◆ Data to process:

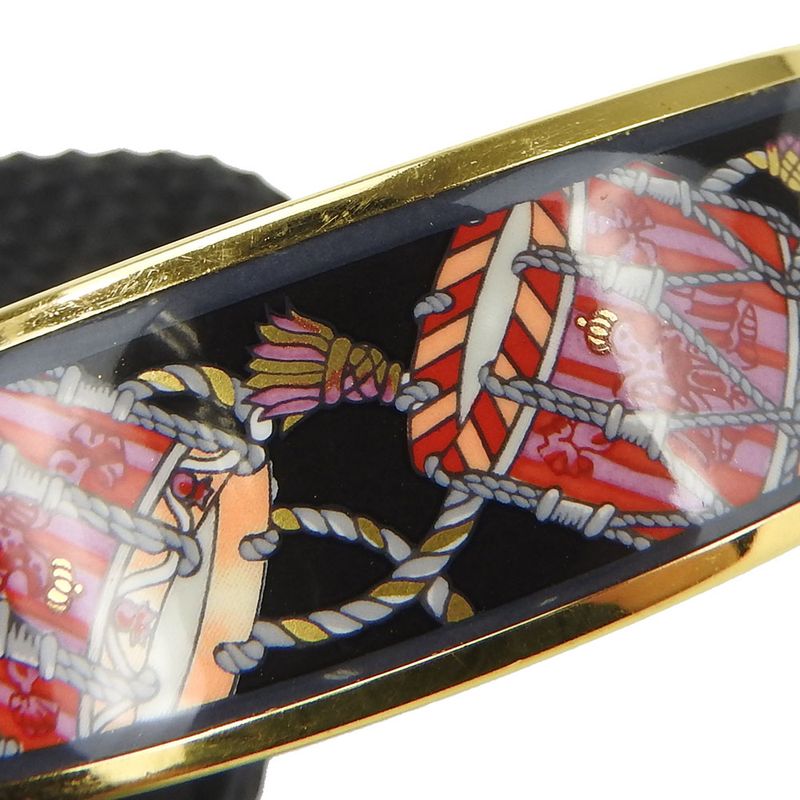 Hermes Bracelet Emile GM Metal Cloisonne Multicolor Black Pink Gold Hardware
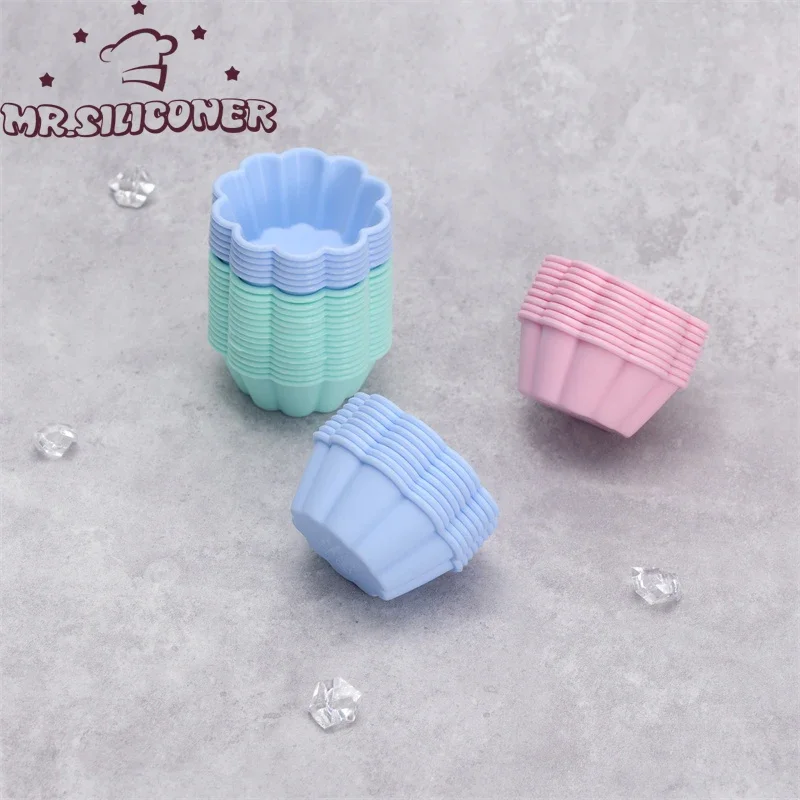 12PCS muffin en forme de pétale rond en silicone muffin gâteau moule de cuisson Cupcake poêle accessoires de cuisson tarte en silicone gâteau moule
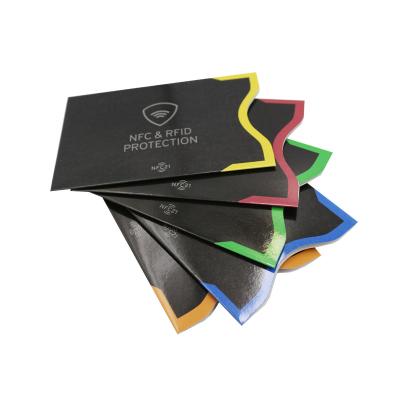 China Custom Goods Use Anti Scan Paper Card Sleeve 13.56MHz RFID NFC Blocking Credit Card Holder for sale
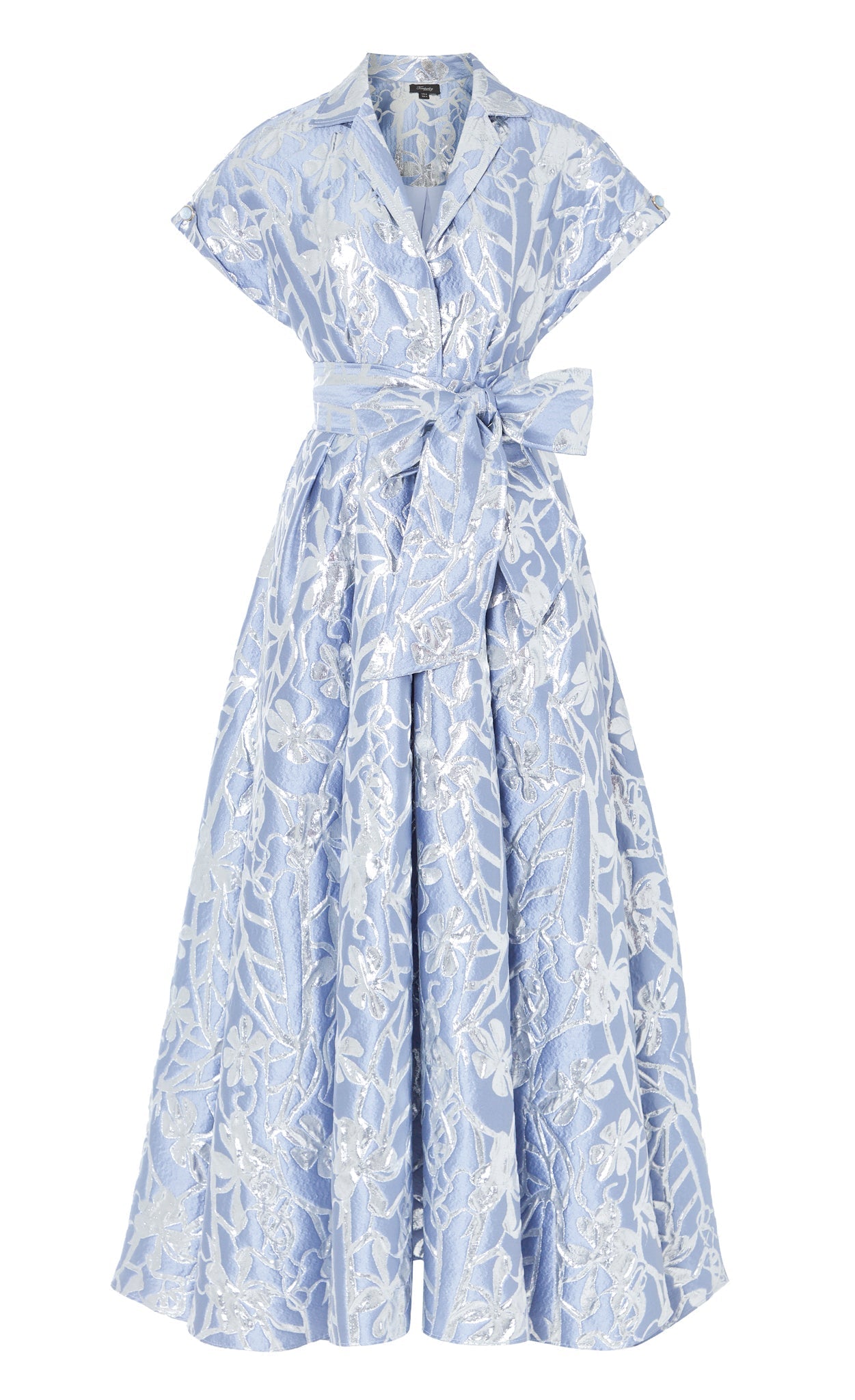 blue and white dresses uk Temperley pre-owned blue and white cotton printed midi dress - size UK 12 main image 1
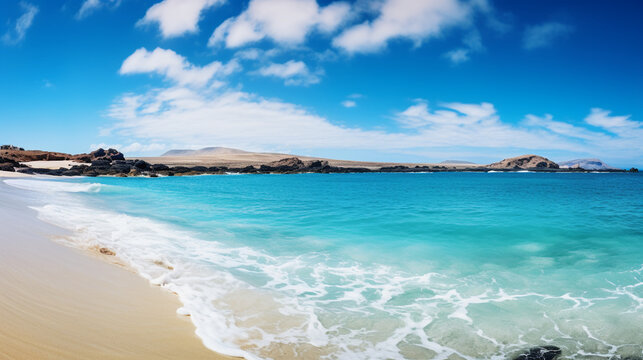 Island Bliss: Stunning Daytime View of Playa de Papagayo Beach in the Canaries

◆ Your goal:
The reply should consist only of the lines from the top of the material above through the line with "blue and white dresses", printed exactly, pictures omitted.

◆ Answer box:
 Hermes Bracelet Emile GM Metal Cloisonne Multicolor Black Pink Gold Hardware
 12PCS muffin en forme de pétale rond en silicone muffin gâteau moule de cuisson Cupcake poêle accessoires de cuisson tarte en silicone gâteau moule
 China Custom Goods Use Anti Scan Paper Card Sleeve 13.56MHz RFID NFC Blocking Credit Card Holder for sale
 blue and white dresses uk Temperley pre-owned blue and white cotton printed midi dress - size UK 12 main image 1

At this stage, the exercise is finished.